Plants were grown using a pouch-and-wick system (Liao et al., 2001; Hund et al., 2009). Seeds were sown on 12×12cm germination papers (Anchor Paper, Saint Paul, MN, USA) sprayed with deionized water and placed vertically in a Sanyo MIR153 incubator at 20 °C. Three days after sowing (DAS), seedlings of similar size with radicles 2–3cm in length were transferred to large sheets of germination paper (30×42cm) attached to flatbed scanners using 30×20cm clear-Perspex plates (Fig. 1a). The germination paper surrounding each radicle was cut and transferred with the seedling to minimize disturbance during this process. Two seedlings were placed on each large sheet of germination paper. Scanners were fixed in near-vertical positions 5cm above 20 l of nutrient solution contained in opaque polyvinyl plastic tanks, each supplying six scanners (Fig. 1b). Approximately 10cm of the germination paper was submerged in the nutrient solution.

Fig. 1.

Fig. 1.

(A) Schematic representation of the pouch-and-wick system used to grow plants in the phenotyping platform. Roots grew on the surface of germination paper held between a clear-Perspex plate and the glass window of a scanner. Scanners were fixed in near-vertical positions 5cm above 20 l of nutrient solution contained in opaque polyvinyl plastic tanks each supplying six scanners. Approximately 10cm of the germination paper was submerged in the nutrient solution. (B) The phenotyping platform comprising 24 scanners assembled in four banks of six scanners. (C) The features of a root system, including the convex hull, at successive timepoints obtained using customized ImageJ macros, including the root system at the last timepoint. (D) The features of a root system at a specific timepoint obtained using the SmartRoot plugin for ImageJ.

Nutrient solution was prepared with deionized water and contained 2mM Ca(NO3)2, 2mM NH4NO3, 0.75mM MgSO4, 0.5mM KOH, 0.25mM KH2PO4, 0.1mM FeNaEDTA, 30mM H3BO3, 25mM CaCl2, 10mM MnSO4, 3mM CuSO4, 1mM ZnSO4, and 0.5mM Na2MoO4 (Broadley et al., 2003). The nutrient solution was adjusted to pH 6 at the start of the experiment using H2SO4. Plants were grown under a 16/8h day/night cycle. Temperature in the growth room was kept constant at 15 °C. Light intensity during the day was maintained at 100 μmol m–2 s–1 at plant height. Relative humidity was approximately 60%. Seedlings were removed from scanners at 18 DAS. Roots were excised from the shoot base and freshweight (FW) of roots and shoots was recorded. Shoot and root samples were dried at 60 °C for 72h and dry weight (DW) was determined. The single genotype experiment on R-o-18 was performed in five independent runs, each run comprising eight scanners with two plants per scanner. Trait data was collected on 72 plants. The multiple-genotype experiment on the 16 BraIRRI lines was performed in two independent runs, each run comprising two consecutive assays of a subset of eight genotypes grown in four banks of six scanners with two plants per scanner. Trait data was collected on 190 plants.

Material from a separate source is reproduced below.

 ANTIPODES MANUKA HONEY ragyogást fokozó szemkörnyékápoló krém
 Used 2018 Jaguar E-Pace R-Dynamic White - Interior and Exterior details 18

Time-lapse imaging of roots

Images were taken daily from 3 to 18 DAS using flatbed scanners. Scanners were chosen for this purpose because their resolution is high compared to standard cameras. Thus, fine roots and root hairs have the potential to be resolved. In this study, 24 A4 CanoScan 5600F scanners (Canon UK, Reigate, UK) were assembled in four banks of six scanners (Fig. 1b). This allowed the root systems of 48 seedlings to be imaged simultaneously. The frequency of image acquisition, scanning resolution, and file format was controlled by three computers using in-house software (ArchiScan). ArchiScan was programmed in Python and employs the TWAIN module (http://twainmodule.sourceforge.net/) for communicating between computers and scanners. The program is distributed under the GPL2 open source license and can be downloaded from the ArchiRoot website (http://www.archiroot.org.uk). ArchiScan is generic software and can be used with any scanner provided a TWAIN driver is available.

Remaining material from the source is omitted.